* [Provided data]:

========================================================================

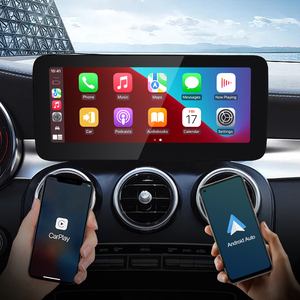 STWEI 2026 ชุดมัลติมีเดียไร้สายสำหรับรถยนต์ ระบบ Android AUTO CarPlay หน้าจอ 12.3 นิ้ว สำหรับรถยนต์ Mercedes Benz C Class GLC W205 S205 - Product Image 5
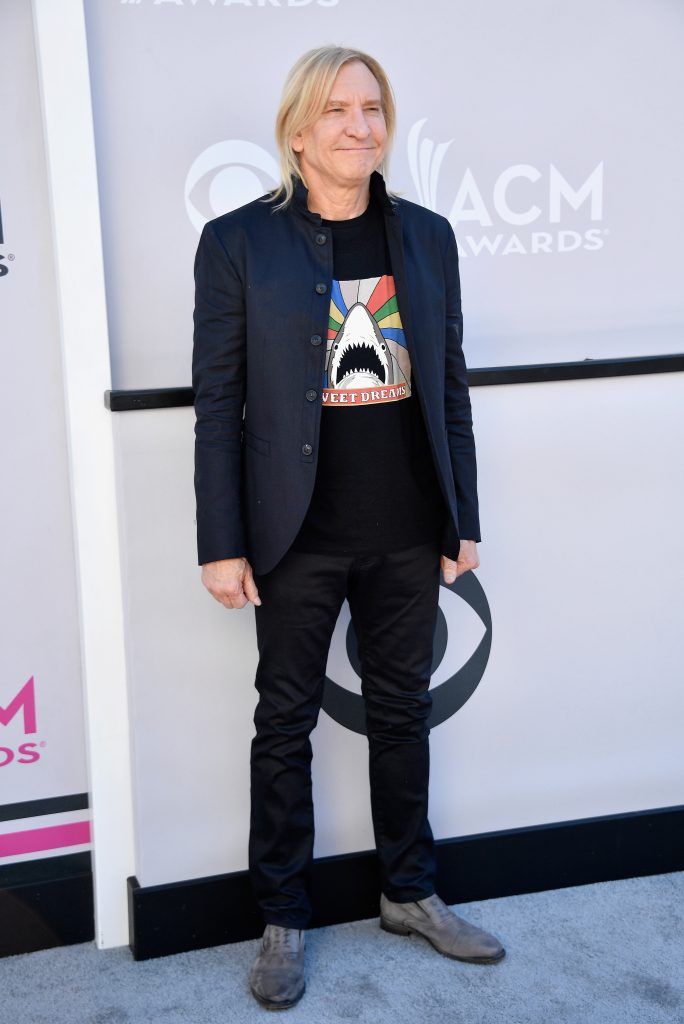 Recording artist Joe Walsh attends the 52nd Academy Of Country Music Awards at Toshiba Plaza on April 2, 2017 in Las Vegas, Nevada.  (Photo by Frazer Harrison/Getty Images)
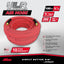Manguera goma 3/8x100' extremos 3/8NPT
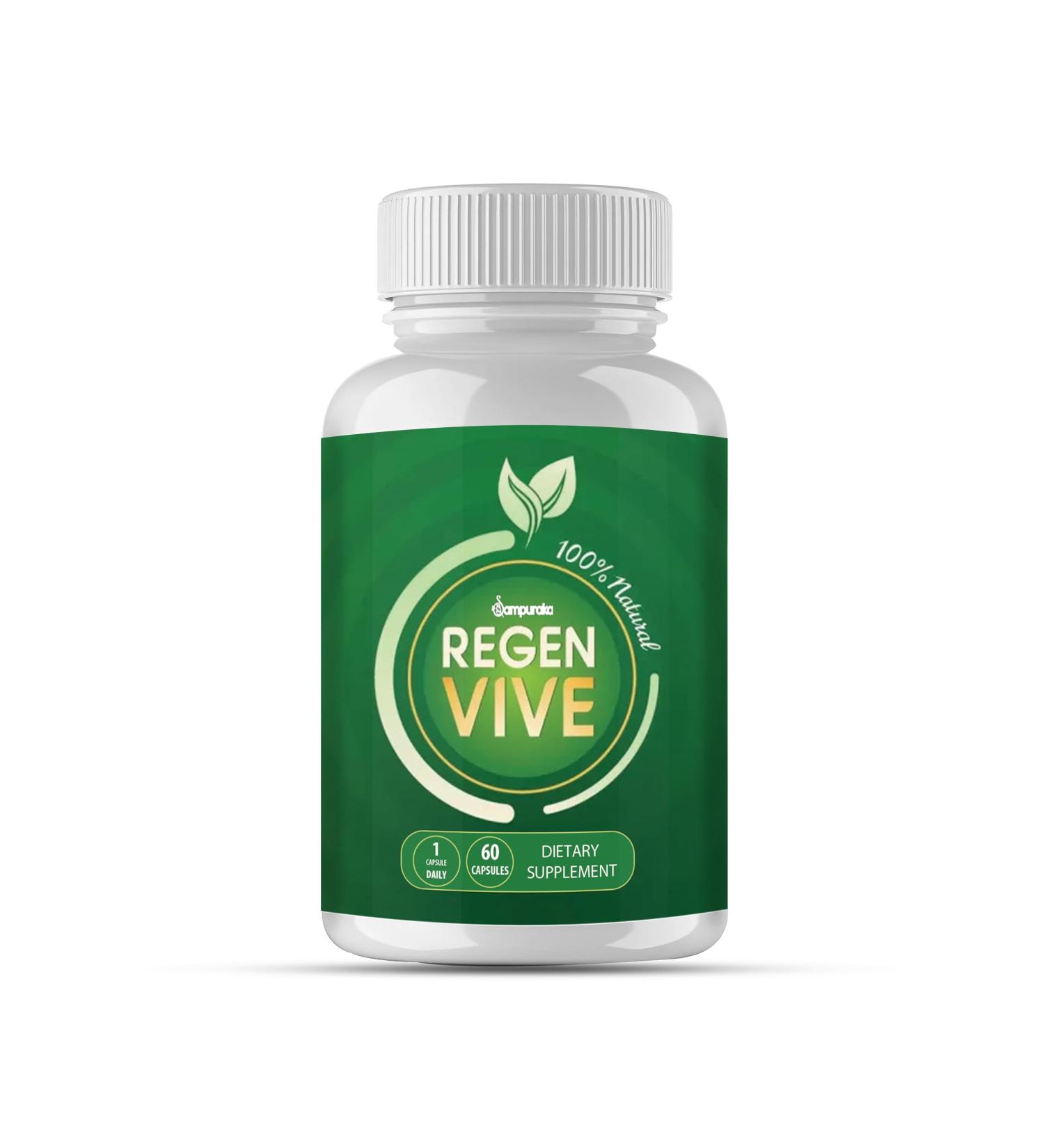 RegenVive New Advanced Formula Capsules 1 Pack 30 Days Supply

========================================================================

* [Problem]: All of the preceding material should be output verbatim, with the pictures excluded.

* [Solution for this task]:
 STWEI 2026 ชุดมัลติมีเดียไร้สายสำหรับรถยนต์ ระบบ Android AUTO CarPlay หน้าจอ 12.3 นิ้ว สำหรับรถยนต์ Mercedes Benz C Class GLC W205 S205 - Product Image 5
 Recording artist Joe Walsh attends the 52nd Academy Of Country Music Awards at Toshiba Plaza on April 2, 2017 in Las Vegas, Nevada.  (Photo by Frazer Harrison/Getty Images)
Manguera goma 3/8x100' extremos 3/8NPT
 RegenVive New Advanced Formula Capsules 1 Pack 30 Days Supply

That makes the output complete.